Warning: Spoilers for Detective Comics #1035

As if swinging from buildings wasn’t enough, now Batman is aping Spider-Man’s iconic web-slinging in his latest DC Comics outing. While escaping a squad of trigger-happy police officers in the sewers beneath Gotham City in Detective Comics #1035, by Mariko Tamaki, Clayton Henry, and Dan Mora, Batman deploys a rope-device which spreads over the opening of a sewer tunnel in a web-shaped pattern and repels away. It’s an effective strategy/gadget, which not only deters the officers giving chase, but is safer than using razor-sharp batarangs or smoke bombs in a confined space. 

Batman has always used his grapple-gun in the comics with an eery efficiency similar to Spider-Man with his web-shooters. That is to say, he isn’t just using the device to scale tall structures quickly, or to repel down deep crevices safely.
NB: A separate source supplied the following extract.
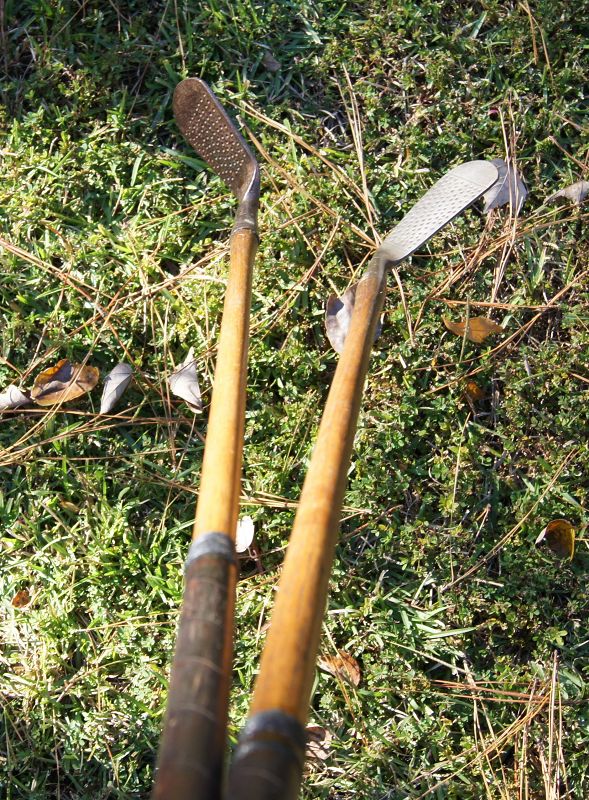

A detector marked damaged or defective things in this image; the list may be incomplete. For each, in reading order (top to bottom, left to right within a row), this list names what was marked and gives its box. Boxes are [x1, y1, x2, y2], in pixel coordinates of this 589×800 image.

rusty club head [172, 78, 260, 233]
He’s often depicted using it as means of navigating Gotham’s skyline, nimbly swinging from rooftop to rooftop and getting the drop on the bad guys. It works, and it’s greatly more inconspicuous—though significantly less cool—than the growling Batmobile. Ultimately, it’s all about having the right tool for the job, isn’t it. What is interesting to consider is just how evident a parallel this creates between Bruce Wayne’s Batman and Marvel Comics’ Friendly Neighborhood Spider-Man: Peter Parker. 

Related: Spider-Man Just Took a Shot at Batman's Iconic Origin

It’s easy for readers to forget that besides boasting super-strength, an uncanny ability to climb walls, and wickedly powerful extrasensory perception (aka the “Spidey-Sense), Peter Parker is also a brilliant inventor. Unlike other spider-heroes like Silk, the webs Parker shoots aren’t an organic product of his body, but come from technological web-shooters. Attached to his wrists, both shooters are equipped with web-fluid cartridges which are replaced when depleted. Though these gadgets have been known to malfunction or be damaged on occasion, they remain a dependable and quintessential element of Spider-Man’s arsenal. What’s more, the properties of the web-fluid itself are astounding: from its outrageous tensile-strength, adhesiveness, and versatile malleability. On multiple occasions, Spider-Man has even been able to adapt the base chemical composition of the fluid with relative ease in order to better suit a task or threat, for example: insulating the webbing against electrical discharges. Not to mention the remarkable accuracy and firing power of the shooting devices themselves. All of this devised and built by a working-class kid from Queens, New York. 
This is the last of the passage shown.